--- DATA SUPPLIED ---

----------------

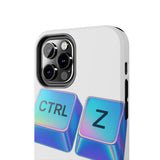 Ctrl Z My Entire Life — Tough Phone Case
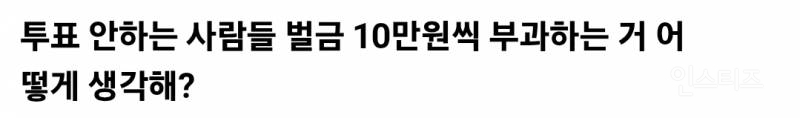 선거 투표 안하는 사람들 벌금 10만원씩 부과하는 거 어떻게 생각해?.jpg | 인스티즈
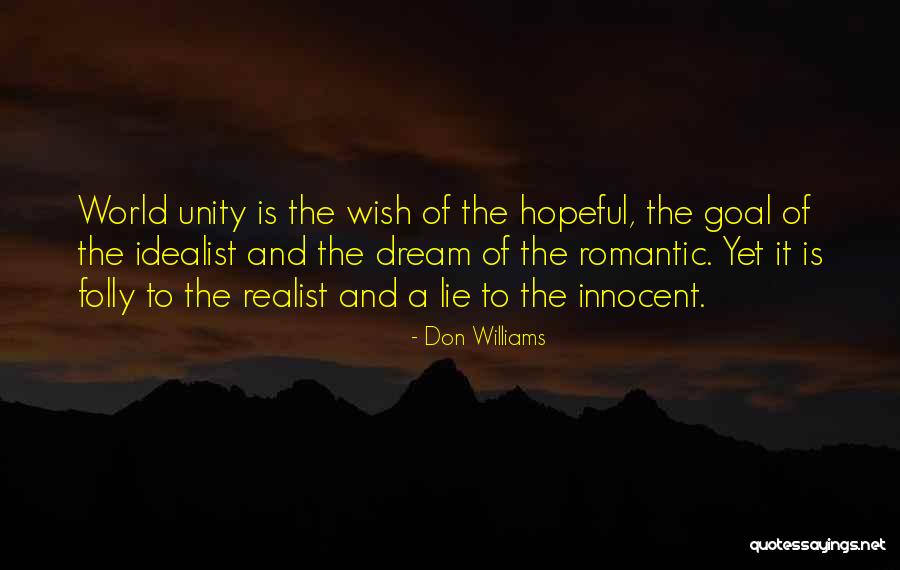Realist Vs Idealist Quotes By Don Williams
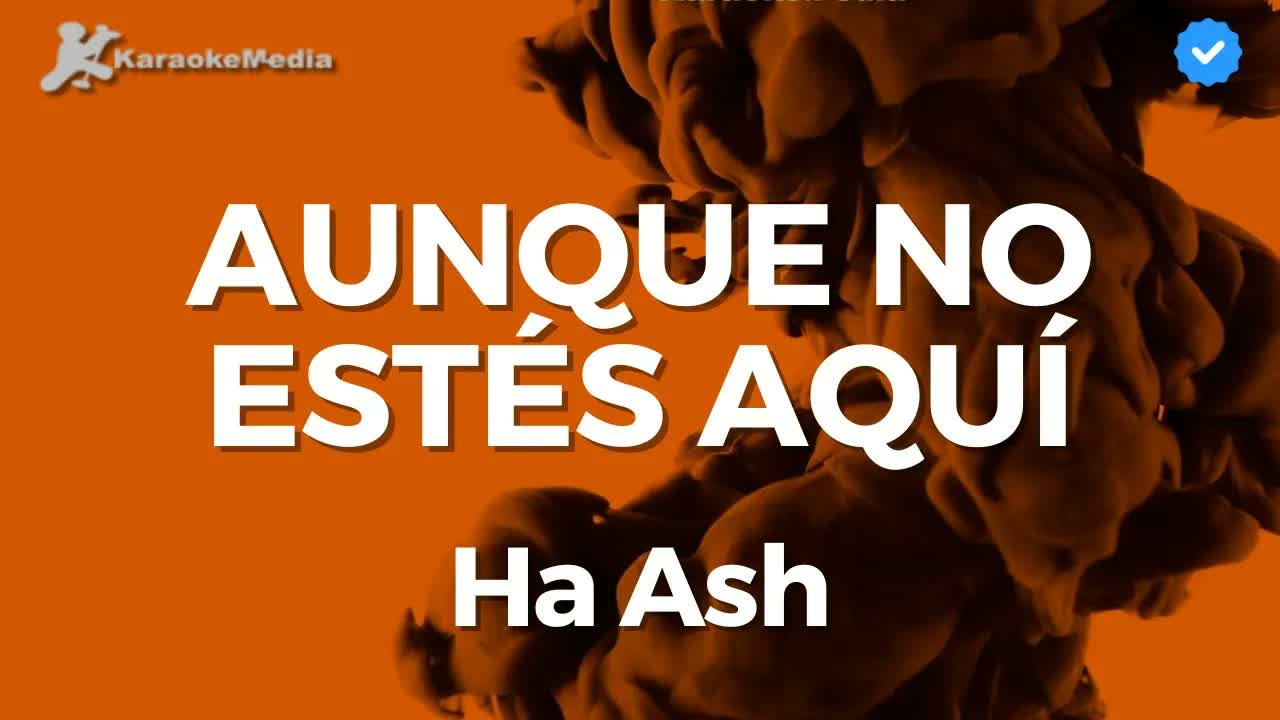 Ha Ash - Aunque no estés aquí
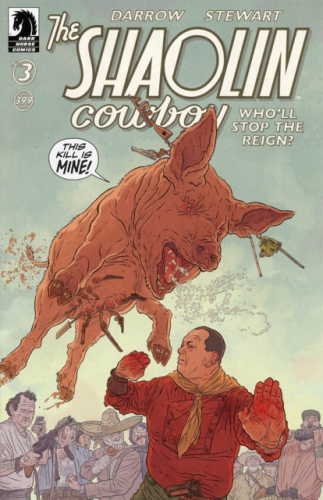 The Shaolin Cowboy: Who'll Stop The Reign? # 3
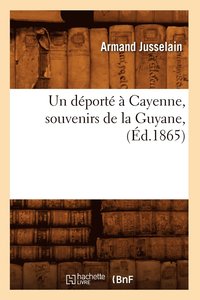bokomslag Un Deporte A Cayenne, Souvenirs de la Guyane, (Ed.1865)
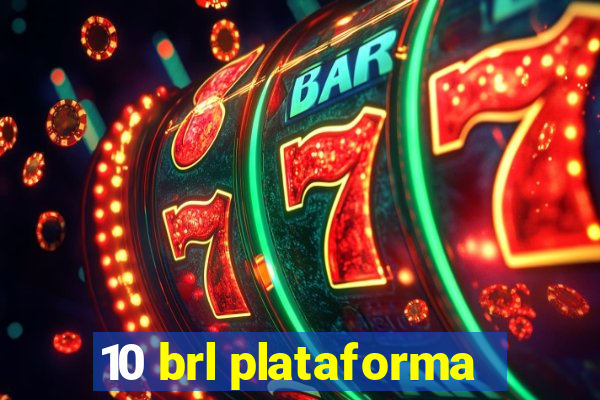 10 brl plataforma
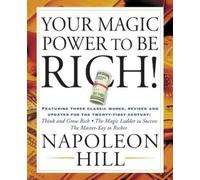 Napoleon Hill Your Magic Power to be Rich (Tascabile)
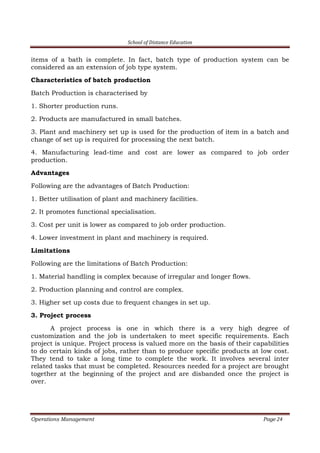 School of Distance Education
Operations Management Page 24
items of a bath is complete. In fact, batch type of production system can be
considered as an extension of job type system.
Characteristics of batch production
Batch Production is characterised by
1. Shorter production runs.
2. Products are manufactured in small batches.
3. Plant and machinery set up is used for the production of item in a batch and
change of set up is required for processing the next batch.
4. Manufacturing lead-time and cost are lower as compared to job order
production.
Advantages
Following are the advantages of Batch Production:
1. Better utilisation of plant and machinery facilities.
2. It promotes functional specialisation.
3. Cost per unit is lower as compared to job order production.
4. Lower investment in plant and machinery is required.
Limitations
Following are the limitations of Batch Production:
1. Material handling is complex because of irregular and longer flows.
2. Production planning and control are complex.
3. Higher set up costs due to frequent changes in set up.
3. Project process
A project process is one in which there is a very high degree of
customization and the job is undertaken to meet specific requirements. Each
project is unique. Project process is valued more on the basis of their capabilities
to do certain kinds of jobs, rather than to produce specific products at low cost.
They tend to take a long time to complete the work. It involves several inter
related tasks that must be completed. Resources needed for a project are brought
together at the beginning of the project and are disbanded once the project is
over.
 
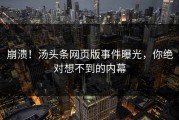 崩溃！汤头条网页版事件曝光，你绝对想不到的内幕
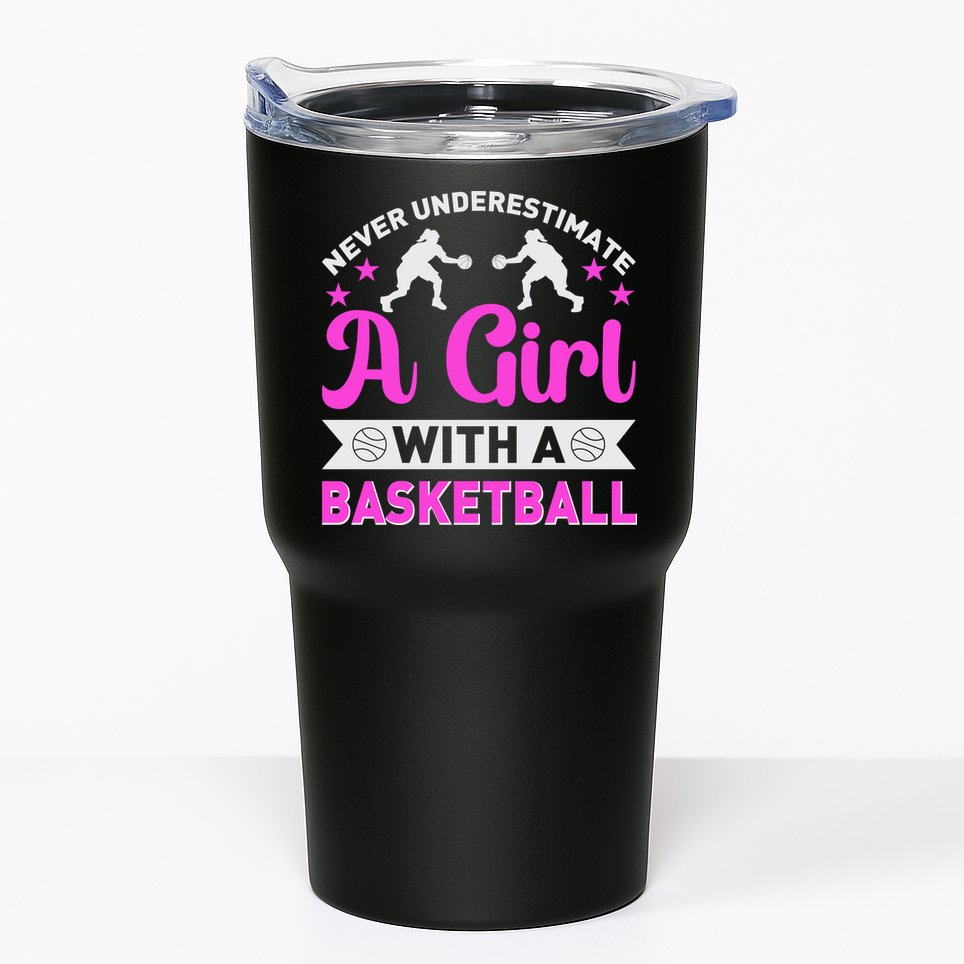 Girls Never Underestimate A Girl Who Plays Basketball Bball Tumbler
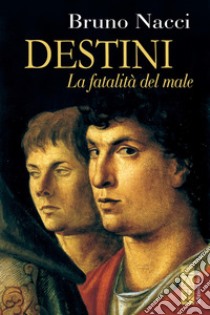 Destini. La fatalità del male. E-book. Formato EPUB ebook di Bruno Nacci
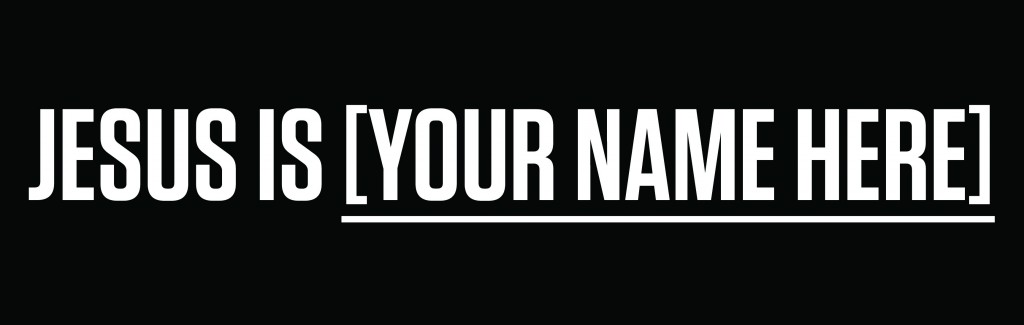 Bumper sticker: "Jesus Is Your Name Here." Parody of "Jesus is ___"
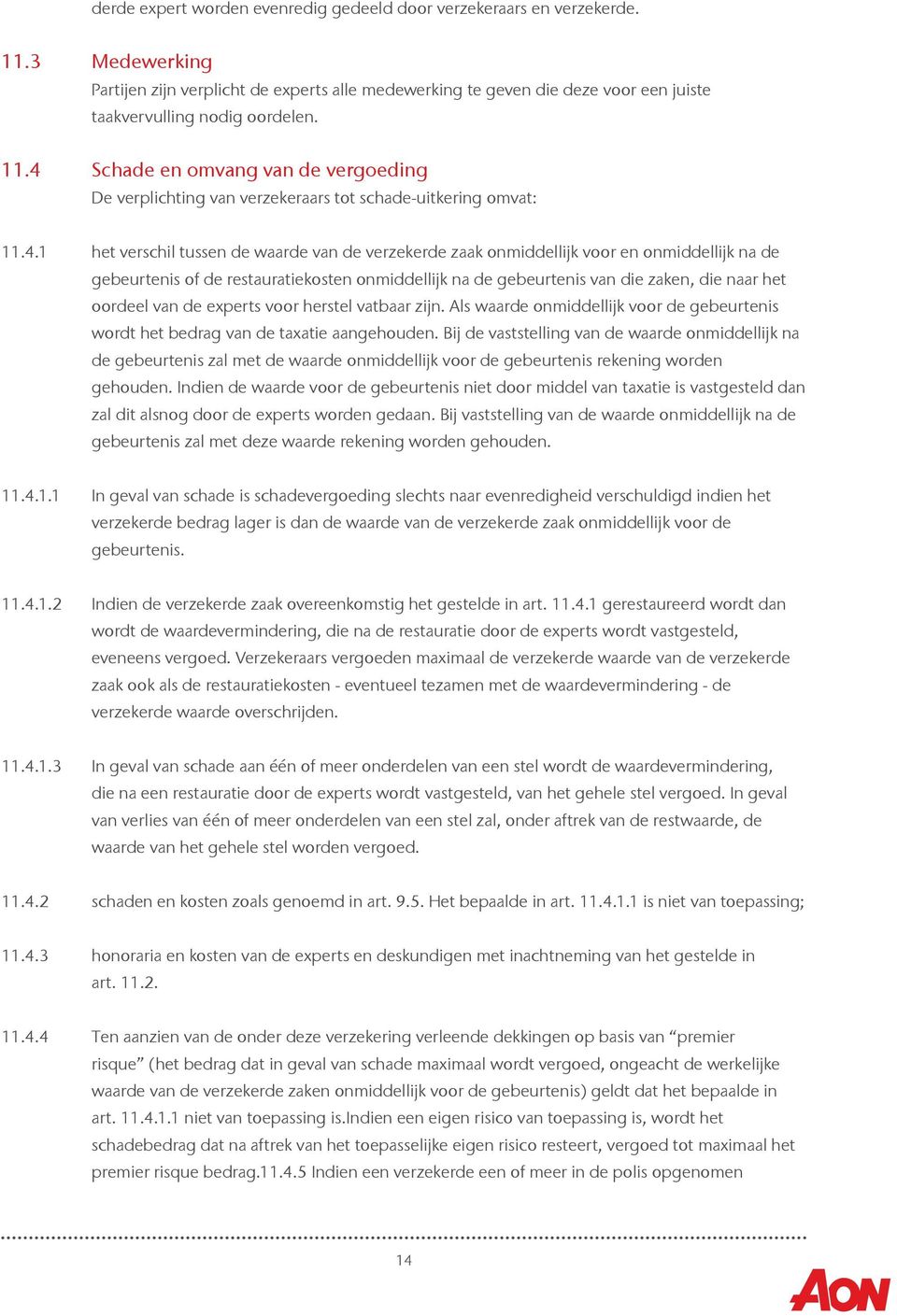 4 Schade en omvang van de vergoeding De verplichting van verzekeraars tot schade-uitkering omvat: 11.4.1 het verschil tussen de waarde van de verzekerde zaak onmiddellijk voor en onmiddellijk na de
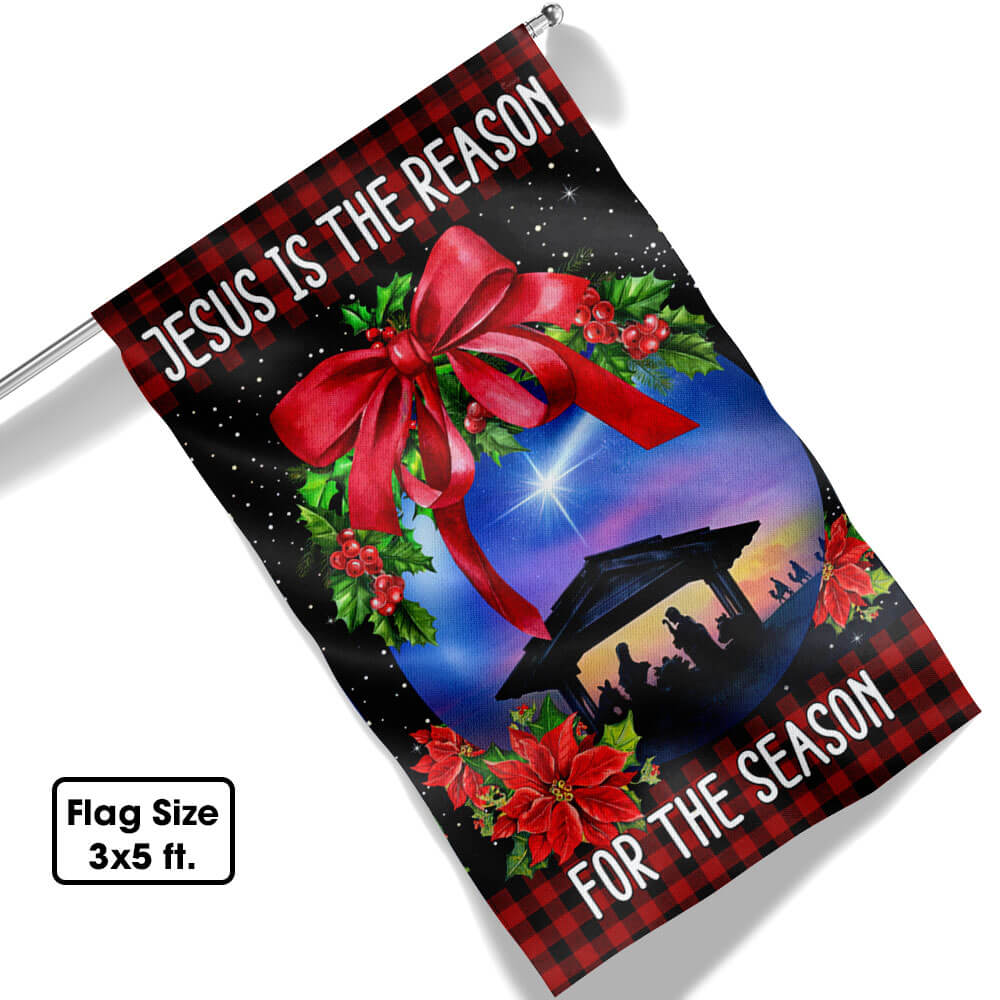 Holy Family Jesus Is The Reason For The Season Christmas Flag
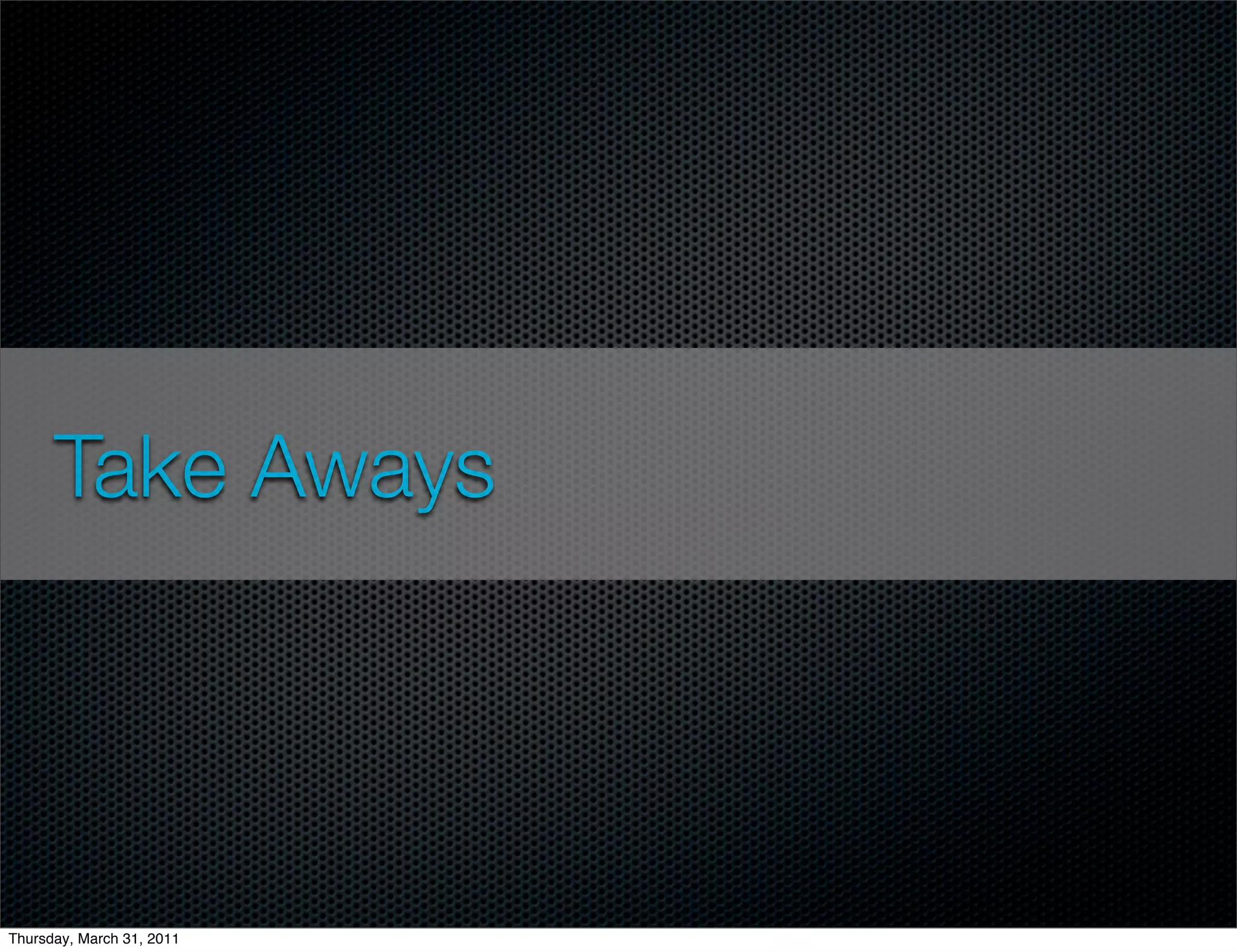 Take Aways




Thursday, March 31, 2011
 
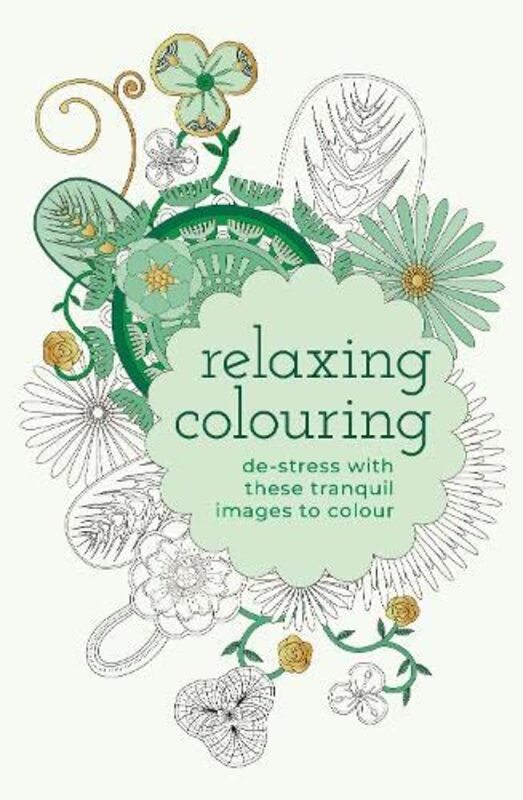 Relaxing Colouring: De-Stress with these Tranquil Images to Colour , Paperback by Willow, Tansy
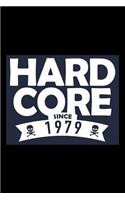 Hard Core since 1979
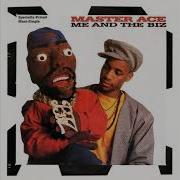 I Got Ta By Master Ace From Me And The Biz Single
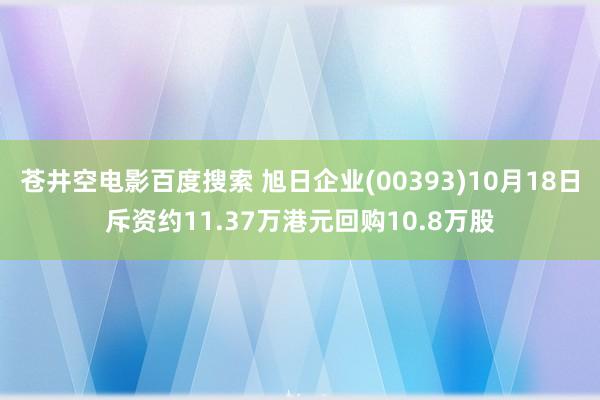 苍井空电影百度搜索 旭日企业(00393)10月18日斥资约11.37万港元回购10.8万股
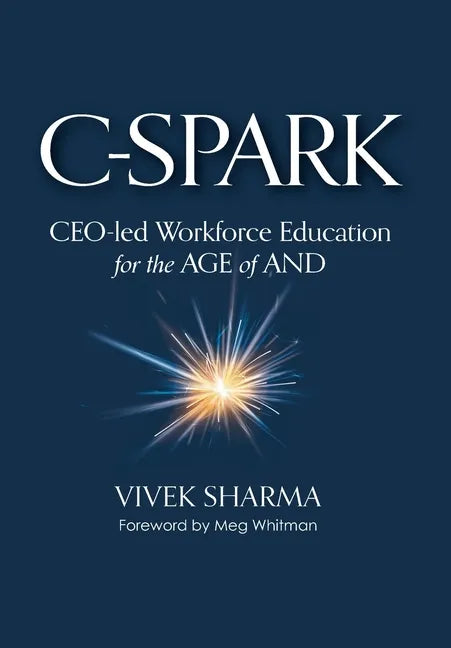 C-Spark: CEO-led Workforce Education for the Age of And - Hardcover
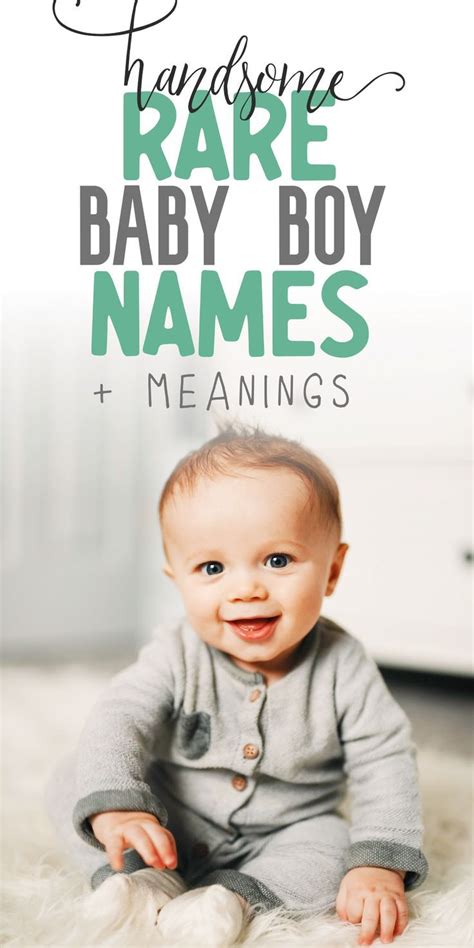 Cute Unique Baby Boy Names With Meanings Artofit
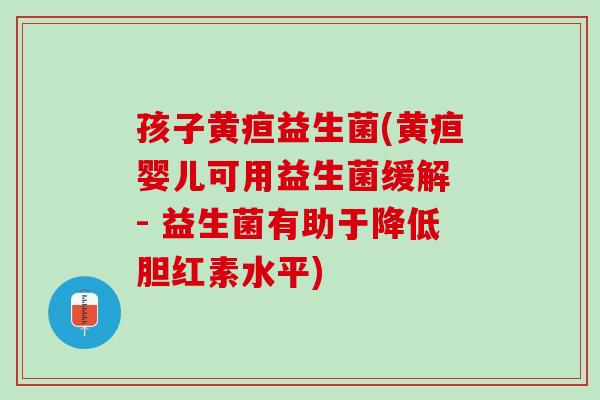 孩子黄疸益生菌(黄疸婴儿可用益生菌缓解 - 益生菌有助于降低胆红素水平)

----------------

Only lines with the word "system" are wanted. Find and copy them from the records above.

--- COMPLETED EXERCISE ---
items of a bath is complete. In fact, batch type of production system can be
considered as an extension of job type system.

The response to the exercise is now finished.